We found the least racial diversity among individuals who enrolled in clinical settings (84.8% White). Although we selected clinical sites at MUSC that are representative of the diverse South Carolina population, we continued to see poor uptake among American Indian or Alaska Natives, Asian, Black or African American, and Native Hawaiian or other Pacific Islander individuals. Clinical site recruitment strategies relied on deployment of Epic’s patient portal, which has been shown to result in bias toward younger, White populations.23,24,25,26 On the other hand, we found the most racial diversity among individuals who participated in community events (17.4% Black, 2.7% Asian, 3.6% other, and 65.4% White). Community events were successful in recruiting a younger group of enrollees (22.3% age 18–29) compared to all other enrollment types. We enrolled 9.9% of our participants (n = 2,037) in community settings compared to at home settings (n = 11,602, 56.7%) and clinical settings (n = 4,618, 22.6%). Offering enrollment in community settings appears to be effective at increasing racial diversity among those who enroll in the project; however, this approach is time and personnel intensive. Maximizing recruitment in community settings could help improve diversity and representativeness of participants in PWGS, but only if backed with appropriate resources to ensure scalability. Increasing the number of community events the In Our DNA SC project participates in would require additional staff time to identify partners and attend events. Currently, the program is supported by four research coordinators and one research manager. It is important to consider approaches for recruitment through community events while also balancing practical constraints (e.g., budget and staff). High-touch outreach and equipping established, trusted groups to partner in research recruitment have been recommended and successful in other smaller-scale genomic research studies; however, there are many opportunities to consider the feasibility of being able to scale these approaches as we continue to implement large-scale PWGS.27,28,29,30,31

Another key indicator of success of our program is implementation measured as the rate of DNA samples collected among those who enroll in the project. Overall, 68.6% of individuals who enrolled in In Our DNA SC provided saliva samples, which is an improvement from the pilot phase of our program, where only 53.2% of samples were returned.16 We found clinical settings to have the lowest rate of samples collected (58.4%), and at-home sample collection had the greatest rate of sample collection (74.4%). These low rates in clinical settings may have been due to several factors. Our process of outreach through clinical sites involved contacting individuals via the patient portal prior to an upcoming appointment to provide them with information about In Our DNA SC. After consent, a standing order was automatically generated prior to the clinical visit so that the sample could be collected during the upcoming appointment by a clinical staff person. It is possible individuals may have re-scheduled appointments or that the sample collection was not completed by staff during their planned visit.
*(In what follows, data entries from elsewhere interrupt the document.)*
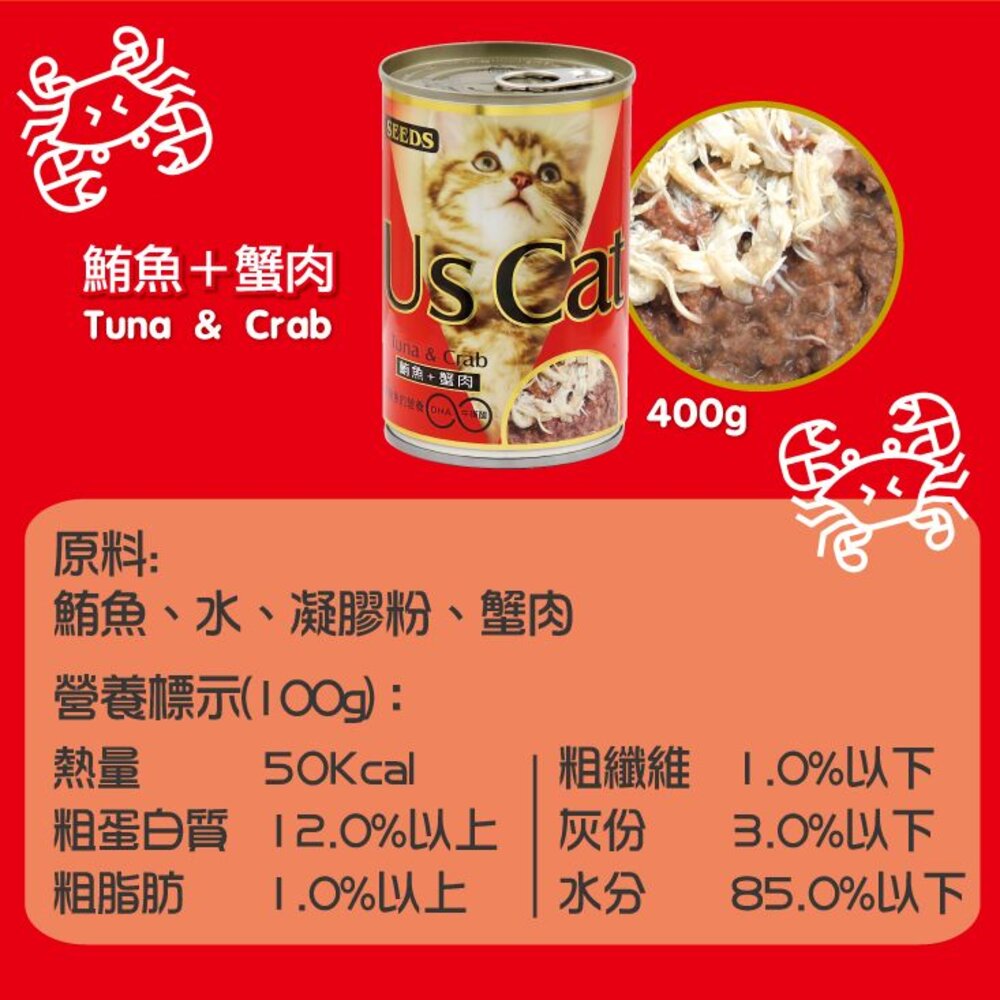 SEEDS 惜時 聖萊西 貓罐頭 400g【48罐組】 US CAT 愛貓餐罐 『WANG』-圖片-8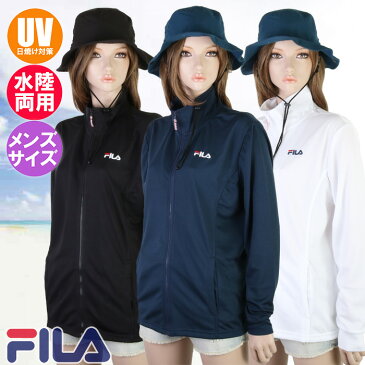 【あす楽】(パケット便送料無料)UVジャケット ラッシュガード 長袖フルジップ メンズサイズ FILA(フィラ)418-330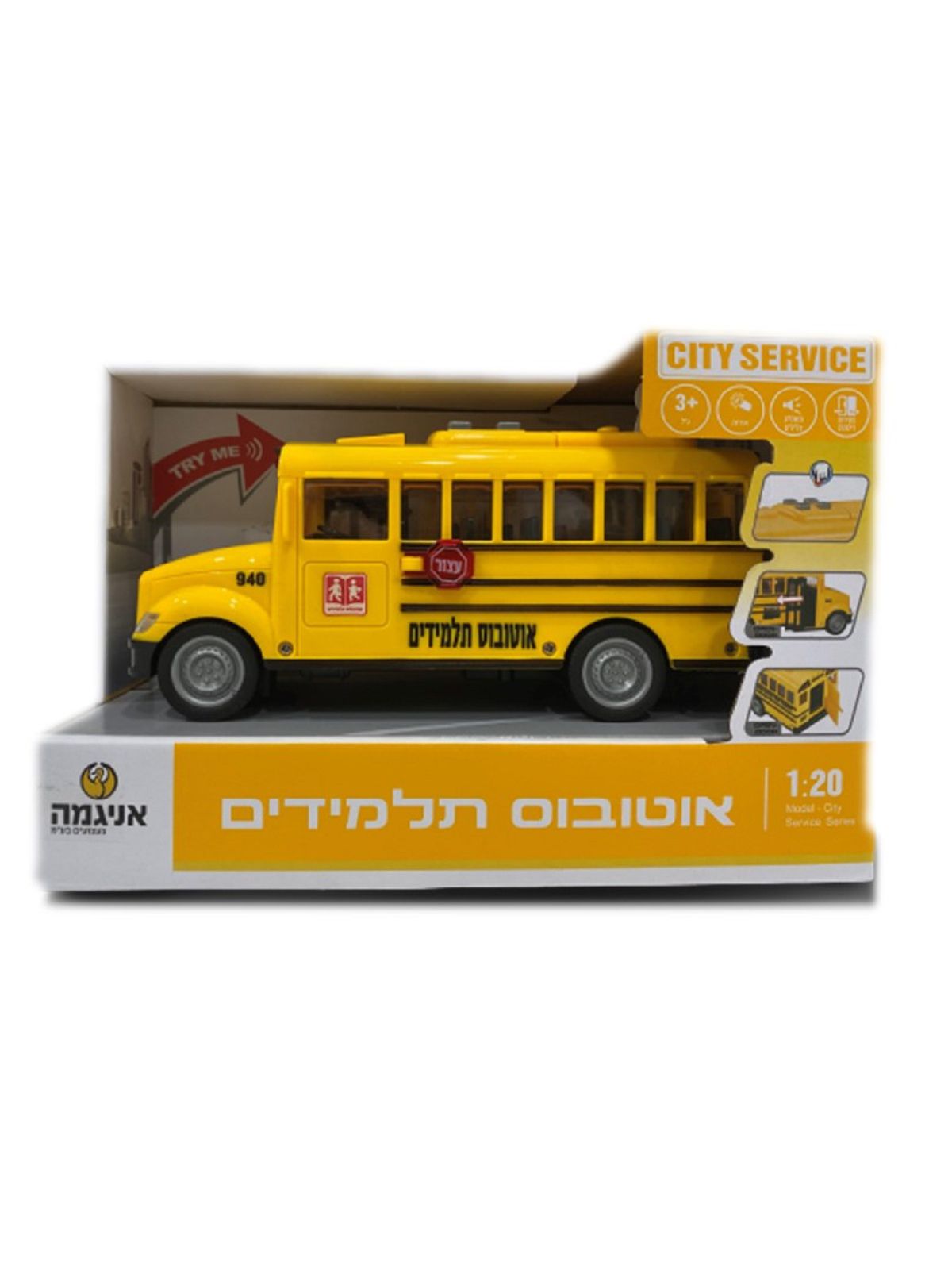 אוטובוס תלמידים- V ישראלי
Additionally, while staff at clinical sites were provided with training and resources about the program, our prior analysis of sites included in the pilot phase of the program demonstrated low uptake of training among provider champions and modest knowledge change about In Our DNA SC pre- and post-training. This prior work also found implementation readiness as the most common barrier throughout implementation of the program (mentioned during 90% of technical assistance calls).20 Enhancing clinical site readiness to implementation of the program by enhancing the training for provider champions and clinical site leads, development of a training toolkit, and improving education about the importance of the program are key initiatives to enhancing clinical site engagement and ultimately clinical site sample collection.32

We also found differences in likelihood to provide samples across sociodemographic characteristics. Black individuals were most likely to return their samples through at-home collection (65.5%) and least likely to return their samples in clinical settings (50.0%). Younger individuals were most likely to return their samples in community settings (69.8% of 18–29 year olds returned) compared to all other recruitment strategies. Older adults and men were also more likely to return samples through at-home collection.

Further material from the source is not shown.